На мой взгляд, уйдут они очень не скоро. Пан Луцевич пропел печальную фразу "нас поглотит земля", за чем последовали чоканье и пожелания взаимного здоровья.
- О! - вздыхает ксендз.
- Доброй ночи, пан Вериго, - говорит Буйницкий.
- Да, да, - безнадежно соглашается ксендз.
Мы с Буйницким выходим на улицу.
- Вы думаете, ксендз прикажет им уйти? - спрашивает сакристиан. Постесняется.
- Почему же вы их не увели?
- Пьяный, что малый, - некстати отвечает Буйницкий. - Привяжутся, а мне дежурить.
Я жду, что он скажет что-либо поинтереснее, но он молчит, и я причисляю его появление у ксендза к загадкам, которые необходимо разгадать.
ПОЛНОЧЬ
Я возвращаюсь в гостиницу в хорошем настроении. Первый день следствия близится к концу, все идет как по маслу - кто убил, неизвестно, кого убили и почему, тоже неизвестно, подозреваемые лица исчисляются магическим числом семь: ксендз, директор музея, органист, художник, сакристиан и двое в сапогах - дворник Жолтак и еще Некто. Можно причислить сюда и костельную уборщицу пани Анелю. Но тогда число возрастет до восьми и утратит свою магическую привлекательность. Поскольку ксендз зафиксировал в своем диариуше, что пани Анеля покинула костел еще при жизни неизвестного, я пока что оставляю ее в стороне. Беседа с ней - дело завтрашнего дня. Кроме того, я участвовал в беседе, окончившейся согласно обычаям нашего края песнями, познакомился с большинством свидетелей, был угощен натуральной настойкой, заподозрил ксендза в графомании, органиста - в тщеславии, сакристиана тоже заподозрил, хотя и не знаю в чем. Так что, "все хорошо", как некогда пел Утесов. Я, разумеется, не пою, я не органист, я только думаю про себя, что все хорошо, по крайней мере, есть над чем подумать.

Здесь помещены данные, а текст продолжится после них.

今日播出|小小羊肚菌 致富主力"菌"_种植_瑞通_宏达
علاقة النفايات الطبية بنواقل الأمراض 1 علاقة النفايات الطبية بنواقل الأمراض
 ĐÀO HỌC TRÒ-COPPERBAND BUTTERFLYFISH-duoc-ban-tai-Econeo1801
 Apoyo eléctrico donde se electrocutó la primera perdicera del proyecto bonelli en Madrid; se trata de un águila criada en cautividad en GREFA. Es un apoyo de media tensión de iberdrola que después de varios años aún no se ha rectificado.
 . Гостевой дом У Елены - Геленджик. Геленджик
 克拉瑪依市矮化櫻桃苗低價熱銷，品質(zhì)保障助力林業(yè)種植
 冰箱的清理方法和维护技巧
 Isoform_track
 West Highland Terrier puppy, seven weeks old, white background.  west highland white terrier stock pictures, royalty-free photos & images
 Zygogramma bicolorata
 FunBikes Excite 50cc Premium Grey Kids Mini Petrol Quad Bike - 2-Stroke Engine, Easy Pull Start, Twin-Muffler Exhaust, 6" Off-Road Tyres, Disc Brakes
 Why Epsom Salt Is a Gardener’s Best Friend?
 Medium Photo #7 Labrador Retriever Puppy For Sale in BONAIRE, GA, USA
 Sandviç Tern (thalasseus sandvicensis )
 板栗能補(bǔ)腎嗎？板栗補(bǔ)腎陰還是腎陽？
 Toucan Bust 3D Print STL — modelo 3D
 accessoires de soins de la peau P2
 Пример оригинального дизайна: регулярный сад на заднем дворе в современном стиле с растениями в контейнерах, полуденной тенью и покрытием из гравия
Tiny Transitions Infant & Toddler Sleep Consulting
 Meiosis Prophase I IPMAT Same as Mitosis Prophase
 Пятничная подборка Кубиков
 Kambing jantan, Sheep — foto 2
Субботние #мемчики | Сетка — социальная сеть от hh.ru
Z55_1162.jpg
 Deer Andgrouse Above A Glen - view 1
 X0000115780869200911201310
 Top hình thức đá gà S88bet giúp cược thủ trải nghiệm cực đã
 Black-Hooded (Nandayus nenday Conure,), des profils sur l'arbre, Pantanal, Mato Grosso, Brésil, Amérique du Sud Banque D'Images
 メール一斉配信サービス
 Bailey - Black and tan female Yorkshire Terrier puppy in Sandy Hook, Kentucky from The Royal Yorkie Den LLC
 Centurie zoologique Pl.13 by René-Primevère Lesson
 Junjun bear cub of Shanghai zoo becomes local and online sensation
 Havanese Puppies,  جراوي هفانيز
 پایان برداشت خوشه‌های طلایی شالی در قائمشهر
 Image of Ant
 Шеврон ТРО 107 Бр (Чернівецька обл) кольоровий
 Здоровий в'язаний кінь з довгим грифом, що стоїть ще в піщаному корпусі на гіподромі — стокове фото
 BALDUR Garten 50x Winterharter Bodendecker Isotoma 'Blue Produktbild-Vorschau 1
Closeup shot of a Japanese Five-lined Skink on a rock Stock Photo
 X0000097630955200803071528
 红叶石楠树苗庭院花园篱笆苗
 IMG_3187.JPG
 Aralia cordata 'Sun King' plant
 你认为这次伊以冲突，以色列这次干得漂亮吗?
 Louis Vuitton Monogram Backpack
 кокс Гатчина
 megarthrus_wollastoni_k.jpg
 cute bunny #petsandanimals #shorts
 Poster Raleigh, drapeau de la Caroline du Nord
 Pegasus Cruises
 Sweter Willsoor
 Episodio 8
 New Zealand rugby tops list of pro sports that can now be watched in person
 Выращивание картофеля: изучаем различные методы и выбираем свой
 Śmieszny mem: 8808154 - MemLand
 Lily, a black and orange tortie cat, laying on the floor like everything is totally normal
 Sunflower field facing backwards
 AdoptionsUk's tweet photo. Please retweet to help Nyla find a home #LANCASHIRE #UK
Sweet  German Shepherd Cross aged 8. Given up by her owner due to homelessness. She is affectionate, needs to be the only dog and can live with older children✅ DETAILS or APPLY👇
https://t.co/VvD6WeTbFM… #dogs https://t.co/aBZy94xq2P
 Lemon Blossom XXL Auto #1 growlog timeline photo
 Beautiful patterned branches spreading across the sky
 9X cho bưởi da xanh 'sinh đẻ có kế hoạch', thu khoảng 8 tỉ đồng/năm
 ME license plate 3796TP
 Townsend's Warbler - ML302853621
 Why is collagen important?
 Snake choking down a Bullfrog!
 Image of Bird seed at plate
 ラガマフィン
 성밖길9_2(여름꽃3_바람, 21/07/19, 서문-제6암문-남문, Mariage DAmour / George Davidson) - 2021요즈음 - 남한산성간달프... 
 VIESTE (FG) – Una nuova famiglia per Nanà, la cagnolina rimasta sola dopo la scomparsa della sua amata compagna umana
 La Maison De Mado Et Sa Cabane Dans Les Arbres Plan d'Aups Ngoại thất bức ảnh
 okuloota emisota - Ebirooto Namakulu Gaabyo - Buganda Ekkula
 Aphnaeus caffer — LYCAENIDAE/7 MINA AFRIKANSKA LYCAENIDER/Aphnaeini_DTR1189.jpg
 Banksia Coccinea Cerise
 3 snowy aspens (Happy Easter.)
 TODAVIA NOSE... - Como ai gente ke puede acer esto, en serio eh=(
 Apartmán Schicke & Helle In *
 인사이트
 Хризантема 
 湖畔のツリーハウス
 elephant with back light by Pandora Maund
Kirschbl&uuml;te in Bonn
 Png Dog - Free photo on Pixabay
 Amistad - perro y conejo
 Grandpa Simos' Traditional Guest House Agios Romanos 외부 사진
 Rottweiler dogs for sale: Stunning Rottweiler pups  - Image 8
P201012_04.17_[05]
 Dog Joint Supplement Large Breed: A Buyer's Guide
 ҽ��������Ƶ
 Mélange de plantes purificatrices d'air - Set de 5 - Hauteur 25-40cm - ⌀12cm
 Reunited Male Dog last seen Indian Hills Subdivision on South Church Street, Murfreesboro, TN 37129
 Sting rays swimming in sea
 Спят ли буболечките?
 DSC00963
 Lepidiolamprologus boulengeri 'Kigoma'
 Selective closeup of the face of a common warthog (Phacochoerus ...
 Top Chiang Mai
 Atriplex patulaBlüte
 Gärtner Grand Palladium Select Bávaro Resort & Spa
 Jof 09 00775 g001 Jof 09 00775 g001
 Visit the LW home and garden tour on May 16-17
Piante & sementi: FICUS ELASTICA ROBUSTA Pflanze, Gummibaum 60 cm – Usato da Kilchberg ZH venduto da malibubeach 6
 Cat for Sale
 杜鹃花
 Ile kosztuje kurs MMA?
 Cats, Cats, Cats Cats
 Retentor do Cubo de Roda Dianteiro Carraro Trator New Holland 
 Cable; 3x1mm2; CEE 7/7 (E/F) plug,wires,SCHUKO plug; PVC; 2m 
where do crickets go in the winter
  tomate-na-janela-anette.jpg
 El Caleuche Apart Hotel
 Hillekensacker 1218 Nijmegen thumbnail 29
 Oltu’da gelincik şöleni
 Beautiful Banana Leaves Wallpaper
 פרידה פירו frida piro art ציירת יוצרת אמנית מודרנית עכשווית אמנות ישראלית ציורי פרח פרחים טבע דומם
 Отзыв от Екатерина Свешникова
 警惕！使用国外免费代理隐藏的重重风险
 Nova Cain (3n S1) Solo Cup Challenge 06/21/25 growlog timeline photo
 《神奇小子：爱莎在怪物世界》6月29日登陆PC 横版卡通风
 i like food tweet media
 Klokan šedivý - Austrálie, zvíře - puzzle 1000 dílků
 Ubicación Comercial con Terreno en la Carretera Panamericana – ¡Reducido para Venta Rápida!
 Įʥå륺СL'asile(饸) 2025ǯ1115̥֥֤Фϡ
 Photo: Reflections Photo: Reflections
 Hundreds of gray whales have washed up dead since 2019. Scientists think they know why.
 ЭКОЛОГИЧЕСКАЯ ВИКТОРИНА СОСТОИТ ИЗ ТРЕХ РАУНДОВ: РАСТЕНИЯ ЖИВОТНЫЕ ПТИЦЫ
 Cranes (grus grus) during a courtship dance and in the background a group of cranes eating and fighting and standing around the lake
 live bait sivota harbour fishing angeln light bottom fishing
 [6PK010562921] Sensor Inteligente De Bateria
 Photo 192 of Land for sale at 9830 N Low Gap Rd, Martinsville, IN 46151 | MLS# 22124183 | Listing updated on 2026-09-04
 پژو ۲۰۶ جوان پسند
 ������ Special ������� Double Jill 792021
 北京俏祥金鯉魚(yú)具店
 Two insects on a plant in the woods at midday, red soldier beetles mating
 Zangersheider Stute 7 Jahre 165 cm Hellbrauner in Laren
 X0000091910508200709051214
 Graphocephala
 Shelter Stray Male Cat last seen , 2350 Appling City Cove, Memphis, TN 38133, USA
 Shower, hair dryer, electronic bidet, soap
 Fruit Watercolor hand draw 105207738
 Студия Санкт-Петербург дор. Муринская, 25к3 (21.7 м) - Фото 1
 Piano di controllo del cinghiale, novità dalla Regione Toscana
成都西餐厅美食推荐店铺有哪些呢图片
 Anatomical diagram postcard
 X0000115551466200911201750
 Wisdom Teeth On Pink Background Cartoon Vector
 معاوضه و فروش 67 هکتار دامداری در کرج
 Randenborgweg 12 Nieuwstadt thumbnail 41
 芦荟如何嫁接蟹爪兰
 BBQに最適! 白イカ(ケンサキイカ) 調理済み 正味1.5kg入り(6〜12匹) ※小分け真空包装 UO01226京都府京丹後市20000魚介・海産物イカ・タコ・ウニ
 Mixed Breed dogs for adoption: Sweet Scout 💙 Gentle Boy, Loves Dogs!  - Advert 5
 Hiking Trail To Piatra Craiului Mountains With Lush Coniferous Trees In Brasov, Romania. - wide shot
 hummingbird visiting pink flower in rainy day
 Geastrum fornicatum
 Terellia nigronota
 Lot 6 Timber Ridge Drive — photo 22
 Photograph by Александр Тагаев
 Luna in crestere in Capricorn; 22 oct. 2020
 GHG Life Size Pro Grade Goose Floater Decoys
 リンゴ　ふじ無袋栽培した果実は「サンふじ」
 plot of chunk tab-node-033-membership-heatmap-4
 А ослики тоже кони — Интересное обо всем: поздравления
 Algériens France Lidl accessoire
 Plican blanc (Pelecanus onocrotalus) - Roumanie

В номере я нахожу Локтева. Оказывается, он ждет меня уже полчаса и уже волнуется, жив ли я и здоров. Вид у него понурый, на лице гримаса неудовольствия, некоей даже обиды, из чего я заключаю, что от Жолтака и Белова он удовлетворения не получил. Да и получить не мог - он молодой, ему результаты нужны. Ему кажется, когда найдем убийцу, тогда и праздник настанет. А само следствие, поиск, парение в воздухе, как у орла, который следит добычу, - это ему пока непонятно. Он еще "пинчер" - кинуться на преступника и вцепиться, потом на следующего и так далее, а там - ура! чистота среди людей. А меж тем я его учил, что нельзя так заблуждаться, поскольку преступность, увы, в обозримое время неискоренима. Девять процентов населения в любом городе или селе рождаются с патологией психики. Из них рекрутируются гении, всевозможные чудаки и, к сожалению, криминальные элементы. Прав оказался профессор Ламброзо в своем споре с утопистами, а ведь сколько ушатов грязи было вылито на его имя за теорию о прирожденных преступниках. Конечно, думать, что некоторых из них в данную минуту папы и мамы катают в колясочках, не очень приятно, но можно б утешиться тем, что хоть в детские свои годы они доставляют радость...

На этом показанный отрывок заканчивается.